Assembling the dish:
- Pour the gravy in a wide and shallow dish. Drop the koftas in the gravy one by one, taking care not to pile them on top of each other. Add a small drizzle of cream on top. Serve hot with naan or rice.
- Do not put the koftas in the gravy beforehand. If there is time between making the dish and serving it, keep the two separate. Assemble them only when ready to serve, or the koftas can break.
- There is quite a bit of prep that goes into making this recipe, so it's a good idea to do the grating and grinding in advance. Trying to do everything in one marathon session can be overwhelming even for people familiar with the recipe. Get the grunt work out of the way before you start cooking!
- Don't waste time grating the paneer by hand. Cut the slab into medium sized pieces and grate in a food processor.

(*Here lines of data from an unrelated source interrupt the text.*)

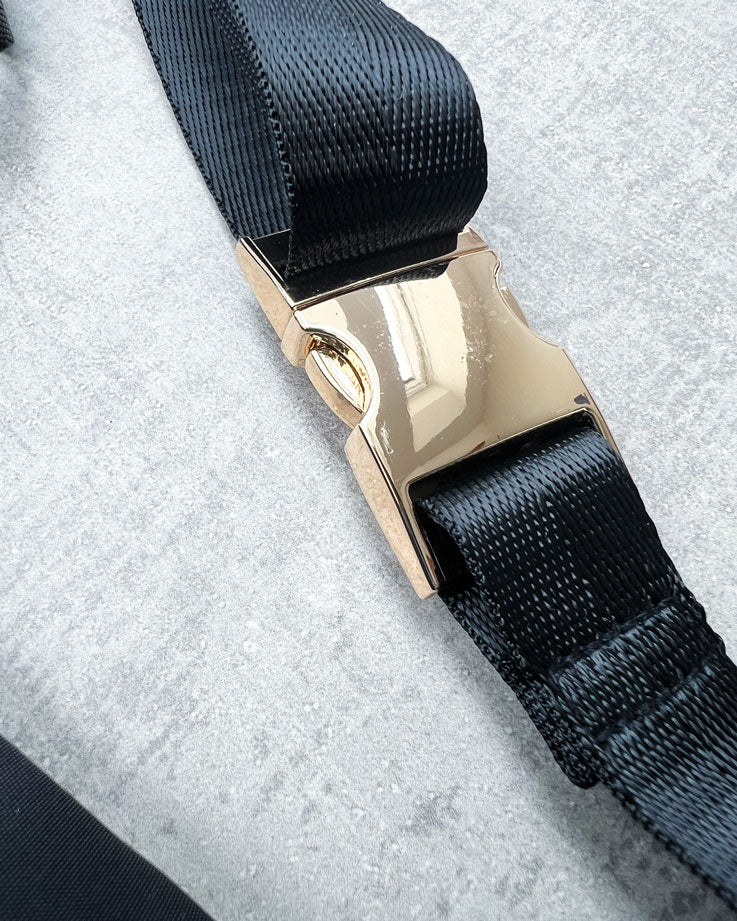 Crossbody Bag schwarz – personalisierbar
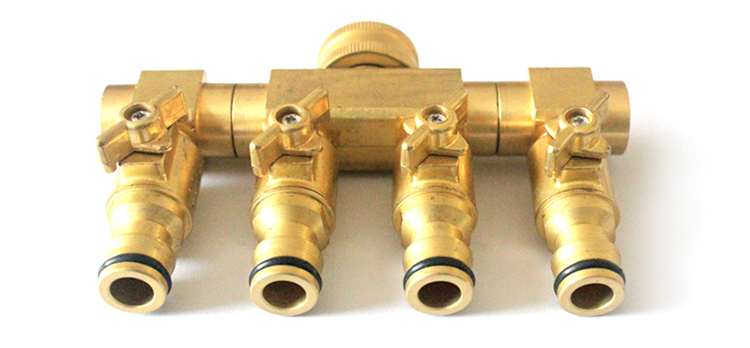 Duty পিতল 4 Way Hose Manifold Hose Pipe Adapter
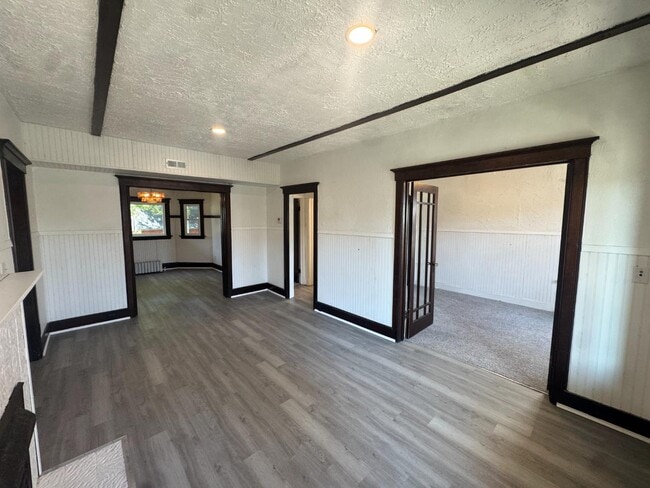 Building Photo - 504 N Roosevelt Ave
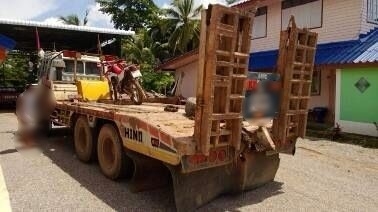 รถฮีโน่ 10 ล้อ F18 ท้ายลาด 187 แรงม้า สนใจติดต่อ 081 - 6079515 รถฮีโน่ 10 ล้อ F18 ท้ายลาด 187 แรงม้า สนใจติดต่อ 081 - 6079515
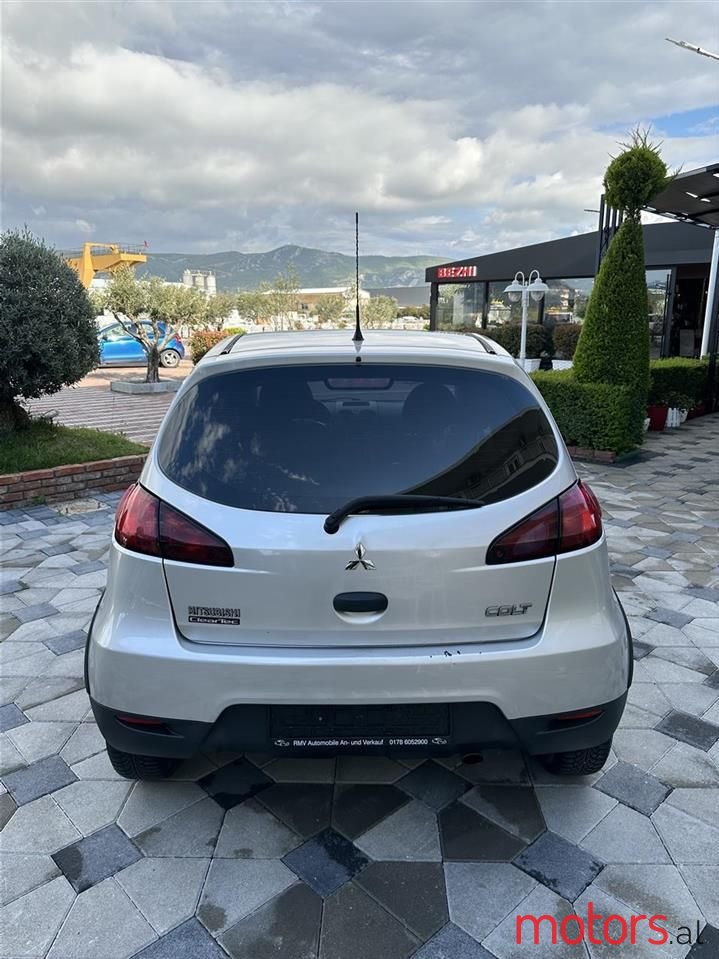 2012' Mitsubishi Colt photo #6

- All the ingredients in the recipe are available easily. Kasoori methi and Paneer (Indian cottage cheese) can be bought from any Indian store, but even these are now available in big chain supermarkets like Walmart.
- Tomato puree and ginger garlic pastes can be made at home or store bought to save time.
Serving Size 1/2 cup
Amount Per Serving
% Daily Value
Total Fat 38.7 g
Saturated Fat 2.2 g
Unsaturated Fat 21 g
Cholesterol 2 mg
Sodium 805.6 mg
Total Carbohydrates 26.8 g
Dietary Fiber 3.5 g
Sugars 4.4 g
Protein 15.5 g
* Percent Daily Values are based on a 2,000 calorie diet. Your daily values may be higher or lower depending on your calorie needs.